The Election date was supposedly chosen because
Harold Wilson wanted to go to the polls before the introduction of
decimal coinage in early 1971, for which his government had been responsible and which he thought was hugely unpopular and because Wilson sought to gain some momentum by surprising the Conservatives, who were expecting an October election.
Commentators believed that an unexpectedly bad set of balance of payments figures released in polling week, and loss of national prestige after the England football team's defeat in the World Cup, contributed to the Labour defeat.
Other factors that were cited as reasons for the Conservative victory included union indiscipline, rising prices, the risk of devaluation, the government’s imposition of Selective Employment Tax (SET) and a set of jobless figures released on polling day showing unemployment at its highest level since 1940. Interviewed by
Robin Day, the outgoing Prime Minister
Harold Wilson highlighted the possibility that “complacency engendered by the opinion polls” may have resulted in a poor turnout of Labour supporters. As
defending world champions, England's venture in the World Cup attracted a much keener public interest than the general election did.
American pollster Douglas Schoen and Oxford University academic R. W. Johnson asserted that
Enoch Powell had attracted 2.5 million votes to the Conservatives, although the Conservative vote only increased by 1.7 million. Johnson later stated "It became clear that Powell had won the 1970 election for the Tories...of all those who had switched their vote from one party to another, 50 per cent were working class Powellites". The Professor of Political Science
Randall Hansen assessed a range of studies, including some which contended that Powell had made little or no difference to the result, but concluded that “At the very least, Powell's effect was likely to have fired up the Conservative vote in constituencies which would have voted Tory in any event”. Election night commentators
Michael Barratt and Jeffrey Preece both dismissed any special ‘Powell factor’, as did Conservative MPs
Reginald Maudling,
Timothy Raison and
Hugh Dykes.
This is the only occasion since the Second World War where a working majority for one party was transformed into a working majority for another party in the course of a single election.

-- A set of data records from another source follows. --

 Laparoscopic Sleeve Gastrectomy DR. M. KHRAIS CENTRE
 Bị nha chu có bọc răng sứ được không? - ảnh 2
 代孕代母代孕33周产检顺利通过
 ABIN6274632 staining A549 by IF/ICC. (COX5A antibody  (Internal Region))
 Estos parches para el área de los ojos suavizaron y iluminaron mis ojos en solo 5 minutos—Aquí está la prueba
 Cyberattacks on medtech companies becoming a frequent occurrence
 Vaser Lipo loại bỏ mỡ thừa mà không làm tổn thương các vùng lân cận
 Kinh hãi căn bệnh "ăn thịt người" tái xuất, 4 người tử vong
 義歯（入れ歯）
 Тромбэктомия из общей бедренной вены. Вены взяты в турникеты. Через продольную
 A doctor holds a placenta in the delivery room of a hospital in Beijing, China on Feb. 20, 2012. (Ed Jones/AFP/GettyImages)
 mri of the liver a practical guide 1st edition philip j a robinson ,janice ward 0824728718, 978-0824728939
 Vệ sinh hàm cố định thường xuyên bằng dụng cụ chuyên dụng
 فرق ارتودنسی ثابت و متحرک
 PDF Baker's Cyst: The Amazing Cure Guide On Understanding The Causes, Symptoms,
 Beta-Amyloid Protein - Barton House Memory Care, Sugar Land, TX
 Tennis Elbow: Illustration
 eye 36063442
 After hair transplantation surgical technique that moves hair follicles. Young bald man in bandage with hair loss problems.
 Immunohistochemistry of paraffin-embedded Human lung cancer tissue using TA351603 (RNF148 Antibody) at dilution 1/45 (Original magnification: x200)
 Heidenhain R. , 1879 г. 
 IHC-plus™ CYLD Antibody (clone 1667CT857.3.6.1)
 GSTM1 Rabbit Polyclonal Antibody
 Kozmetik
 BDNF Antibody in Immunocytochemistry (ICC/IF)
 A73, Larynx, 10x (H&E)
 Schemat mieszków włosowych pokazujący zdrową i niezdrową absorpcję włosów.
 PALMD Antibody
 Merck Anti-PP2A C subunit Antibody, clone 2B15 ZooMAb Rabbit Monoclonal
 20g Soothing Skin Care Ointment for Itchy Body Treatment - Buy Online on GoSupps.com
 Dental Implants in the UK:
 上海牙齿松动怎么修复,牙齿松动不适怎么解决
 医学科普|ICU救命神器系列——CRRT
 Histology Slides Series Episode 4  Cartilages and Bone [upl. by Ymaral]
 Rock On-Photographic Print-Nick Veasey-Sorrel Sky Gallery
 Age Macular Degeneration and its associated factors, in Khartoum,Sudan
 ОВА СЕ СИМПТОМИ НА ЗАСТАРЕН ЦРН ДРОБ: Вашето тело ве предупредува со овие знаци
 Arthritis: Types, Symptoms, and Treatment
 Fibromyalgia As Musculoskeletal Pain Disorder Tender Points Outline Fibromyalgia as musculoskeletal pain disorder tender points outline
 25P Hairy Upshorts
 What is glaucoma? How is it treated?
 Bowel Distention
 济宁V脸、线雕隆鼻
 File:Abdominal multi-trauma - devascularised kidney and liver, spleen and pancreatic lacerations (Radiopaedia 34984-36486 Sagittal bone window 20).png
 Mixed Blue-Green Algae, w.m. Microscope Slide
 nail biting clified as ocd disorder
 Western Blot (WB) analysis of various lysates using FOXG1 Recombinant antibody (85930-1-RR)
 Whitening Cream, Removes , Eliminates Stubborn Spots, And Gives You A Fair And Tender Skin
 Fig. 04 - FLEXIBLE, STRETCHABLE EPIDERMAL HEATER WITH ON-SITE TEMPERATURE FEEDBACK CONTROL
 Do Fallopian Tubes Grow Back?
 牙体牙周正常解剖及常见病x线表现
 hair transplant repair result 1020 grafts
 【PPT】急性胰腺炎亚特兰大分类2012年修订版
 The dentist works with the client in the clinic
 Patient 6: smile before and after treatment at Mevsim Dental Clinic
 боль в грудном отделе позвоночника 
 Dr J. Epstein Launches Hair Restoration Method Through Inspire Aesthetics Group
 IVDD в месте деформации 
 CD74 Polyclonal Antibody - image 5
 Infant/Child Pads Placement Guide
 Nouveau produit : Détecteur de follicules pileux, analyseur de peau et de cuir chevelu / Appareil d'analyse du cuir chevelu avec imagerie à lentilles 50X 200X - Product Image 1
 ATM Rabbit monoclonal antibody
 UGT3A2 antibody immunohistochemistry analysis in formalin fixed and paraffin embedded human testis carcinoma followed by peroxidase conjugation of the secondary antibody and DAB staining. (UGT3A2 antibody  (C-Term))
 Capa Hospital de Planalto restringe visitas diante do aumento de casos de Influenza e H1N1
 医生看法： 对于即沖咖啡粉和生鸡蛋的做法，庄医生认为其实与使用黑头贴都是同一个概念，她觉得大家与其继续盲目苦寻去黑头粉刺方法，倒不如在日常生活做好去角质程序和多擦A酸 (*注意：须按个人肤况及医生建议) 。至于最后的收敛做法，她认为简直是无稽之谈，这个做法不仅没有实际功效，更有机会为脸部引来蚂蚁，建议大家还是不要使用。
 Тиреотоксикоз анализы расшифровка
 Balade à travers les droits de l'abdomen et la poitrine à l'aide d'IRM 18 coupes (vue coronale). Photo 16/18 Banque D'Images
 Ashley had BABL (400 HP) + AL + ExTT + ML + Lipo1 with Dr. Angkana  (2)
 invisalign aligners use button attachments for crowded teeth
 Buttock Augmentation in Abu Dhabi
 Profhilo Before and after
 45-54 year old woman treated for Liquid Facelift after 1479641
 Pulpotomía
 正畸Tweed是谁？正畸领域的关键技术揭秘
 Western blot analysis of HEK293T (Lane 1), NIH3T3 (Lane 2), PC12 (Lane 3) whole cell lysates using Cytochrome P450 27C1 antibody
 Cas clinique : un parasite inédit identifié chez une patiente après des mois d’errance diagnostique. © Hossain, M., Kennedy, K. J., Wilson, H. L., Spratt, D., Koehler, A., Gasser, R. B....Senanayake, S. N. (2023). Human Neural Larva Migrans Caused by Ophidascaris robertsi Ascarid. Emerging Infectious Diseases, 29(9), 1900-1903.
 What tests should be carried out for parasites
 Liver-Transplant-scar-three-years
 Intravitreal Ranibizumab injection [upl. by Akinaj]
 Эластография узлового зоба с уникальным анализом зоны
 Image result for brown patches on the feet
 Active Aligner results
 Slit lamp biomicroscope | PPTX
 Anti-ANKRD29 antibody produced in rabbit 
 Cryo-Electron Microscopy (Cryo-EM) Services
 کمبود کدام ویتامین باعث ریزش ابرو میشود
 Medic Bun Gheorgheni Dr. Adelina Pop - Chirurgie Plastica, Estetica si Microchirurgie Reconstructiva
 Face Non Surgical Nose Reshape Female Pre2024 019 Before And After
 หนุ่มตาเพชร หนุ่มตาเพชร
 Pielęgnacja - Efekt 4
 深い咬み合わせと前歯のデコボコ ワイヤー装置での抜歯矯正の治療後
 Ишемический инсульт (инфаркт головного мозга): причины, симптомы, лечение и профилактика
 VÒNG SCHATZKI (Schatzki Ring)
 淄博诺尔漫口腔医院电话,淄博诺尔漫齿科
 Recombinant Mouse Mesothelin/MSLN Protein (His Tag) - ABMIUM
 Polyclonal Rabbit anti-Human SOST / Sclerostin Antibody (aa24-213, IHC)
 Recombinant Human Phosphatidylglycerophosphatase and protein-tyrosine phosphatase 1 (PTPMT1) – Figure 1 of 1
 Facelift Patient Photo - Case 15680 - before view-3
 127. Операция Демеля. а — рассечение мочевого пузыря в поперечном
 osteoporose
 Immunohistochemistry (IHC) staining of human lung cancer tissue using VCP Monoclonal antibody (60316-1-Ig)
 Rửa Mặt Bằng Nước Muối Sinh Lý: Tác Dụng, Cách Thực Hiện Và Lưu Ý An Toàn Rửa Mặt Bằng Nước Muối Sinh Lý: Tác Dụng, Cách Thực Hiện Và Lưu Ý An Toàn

The most notable casualty of the election was
George Brown, Deputy Leader of the Labour Party, who lost to the Conservative candidate in the
Belper constituency. Brown had held the seat since 1945.
Unusually for the Liberals the by-elections between 1966-1970 had proved fruitless, with many Liberal candidates losing deposits. The Liberals found themselves struggling to introduce their new leader
Jeremy Thorpe to the public due to the extensive coverage and attention paid to Enoch Powell. The election result was poor for the Liberals, with Thorpe only narrowly winning his own seat in
North Devon.
On the BBC, the election coverage was led by
Cliff Michelmore along with
Robin Day,
David Butler and
Robert McKenzie. There were various cutaways to the BBC regions. The coverage has been rerun on
BBC Parliament on several occasions, including on 18 July 2005 as a tribute to Edward Heath upon his death the previous day. Its most recent screening was on 9 October 2010. BBC coverage of the 1970 general election was parodied by
Monty Python's Flying Circus in its famous
Election Night Special sketch.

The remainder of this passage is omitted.